Using List of sentences provided by Dependecies to Output_ConLL

Submitted by break on Wed, 02/08/2017 - 18:43
Forums

Hello, i'm searching for some help of getting a ConLL format for my dependecies output.
I'm running a pipeline with an input data that passes through Morph → Tagger → Chunker → Dependencies, on dependencies i got the output with the particular format of dependencies, however i need to pass it to ConLL format, so i've create a method that, with the given list of sentences (ls) provided by dependencies and printed there, used the output_conll.cc to create an instance to use output_conll::PrintResults (wostream &sout, const list &ls) function, but it's not working, i want to know if i can use the same 'ls' present on dependencies and call after PrintResults (ls); the conll->PrintResults(ls); or should i pass all the output dependencies file to output_conll::PrintResults(wostream &sout, const document &doc) ? or am i using it wrongly, and it need a certain type of format to call that method?

Thanks.

If you are using "analyzer", you just need to set option "--output conll"

If you are using your own main program to call FreeLing, you don't need to print them in one format and then convert it.

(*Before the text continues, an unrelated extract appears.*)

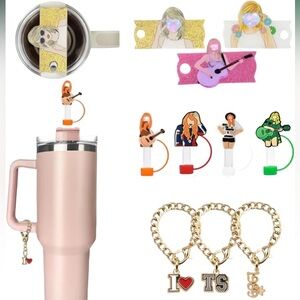 10 pc Taylor swift tumbler cup accessories kit 4 straw covers 3 plates 3 charms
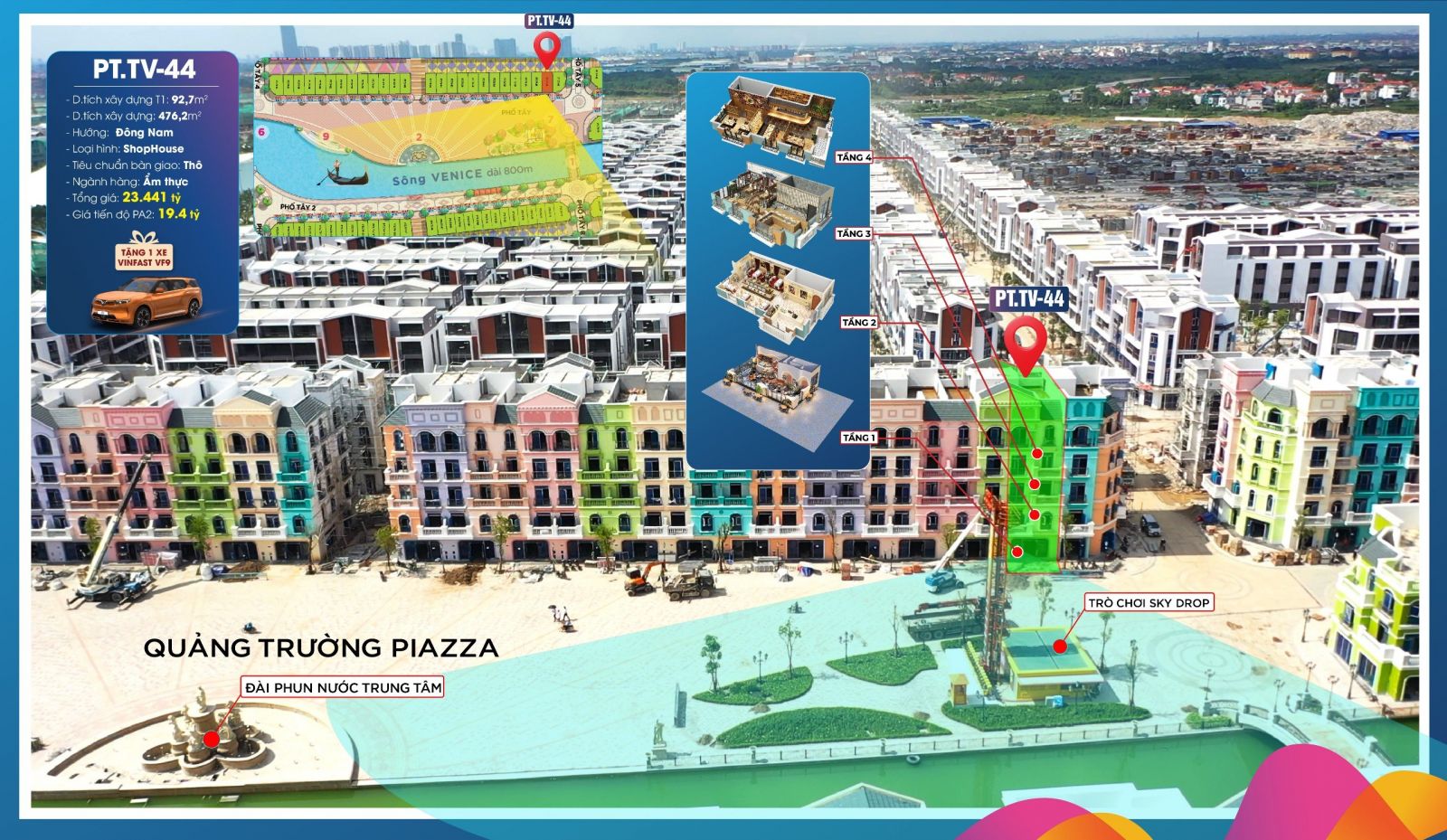 Bán shop quảng trường grand world hà nội giá chủ đầu tư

You can print them directly in conll using the output_conll class.

The basic working of output_conll is very simple:
// create a output_conll handler
freeling::io::output_conll myout;
 
// assuming that "ls" contains a list of senteces that have
// been properly processed and parsed, you can print them
// in conll format simply calling PrintResults:
myout.PrintResults(wcout, ls)
 
// if you want to print results to a file instead of stdout,
// you can replace "wcout" with any other wostream
// (e.g. an open file)

That will print the sentences in a default format.
You can choose which columns you want to get and in which order they should appear providing a configuration file to the output_conll constructor.
Details on the config file are provided in the user manual:
https://talp-upc.gitbooks.io/freeling-user-manual/content/modules/io.ht…

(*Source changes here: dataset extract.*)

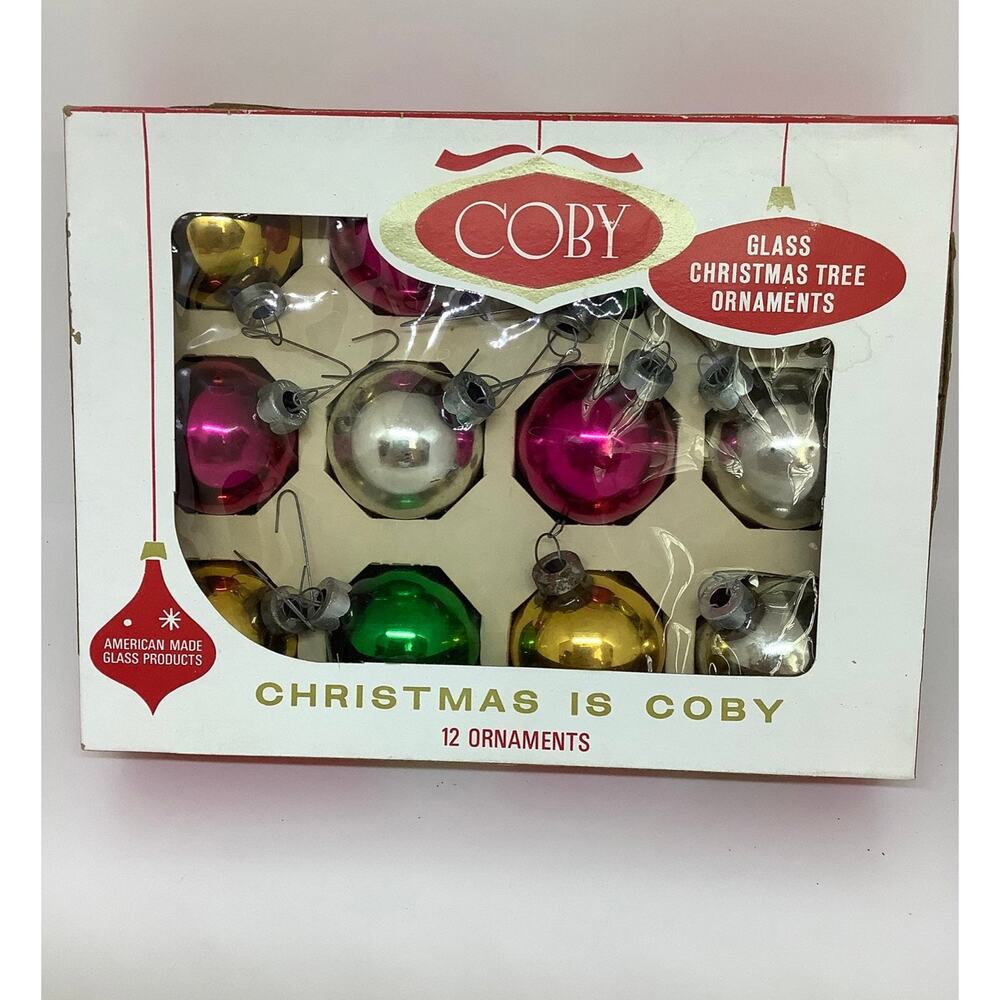 Vintage Coby glass christmas ornaments multi color 12 units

First of all, i want to thank you for the help, and fastest response, it really helped me.
I'm working with fl files (fl1,..,fl4_dependencies) that is my pipeline.
The corpus is already trained to my language, and the input file is formated to UTF8, so i've just feed the next fl# files with the previous output, using the pipeline described on my first post.
However the input file to fl4_dependences is the output of fl1_tagger.

I edited the fl4_Dependences to output ls to conll format on while (std::getline (std::wcin, text)) and after that while, to process last sentence in buffer if there's any.

I think i got the correct output, however i got some modnorule, like:

1 ... VMIF3S0 - - - - (grup-verb:2(verb:2 2 modnorule - -
2 ... VMN0000 - - - - (infinitiu:2(inf:2))) 0 top - -
... modnorule --

is it normal, it that because of the format of sentences list?
Many Thanks for the help!

The default behaviour of output_conll includes a column with chunking output (if you used det_txala parser). That is the column with "grup-verb" etc.

The two last columns are the dependency parsing (head and function respectively).
"modnorule" means that the parser didn't have any rule to label that dependency (dep_txala is a rule-based parser). The reason may be a strange or ungrammatical sentence.

In fact, if you use "analyze" command with the same input, you'll see how the output includes "modnorule" too.

You can get more robust results if you use dep_treeler parser instead of dep_txala.

Hello lluisp, thank you once again.
I think im using the del_treeler already, because i call it when i run fl4_dependences.cc with the output of fl1_tagger:

./fl4_dependences /usr/local/share/freeling/pt/chunker/grammar-chunk.dat /usr/local/share/freeling/pt/dep_treeler/dependences.dat TryOutCONLL

Im not using the analyse command at all. the question is that got many many "modnorule", the ones that isn't "modnorule" is "top".

Check one simpel output that o got: ( with dependences and ConLL Format )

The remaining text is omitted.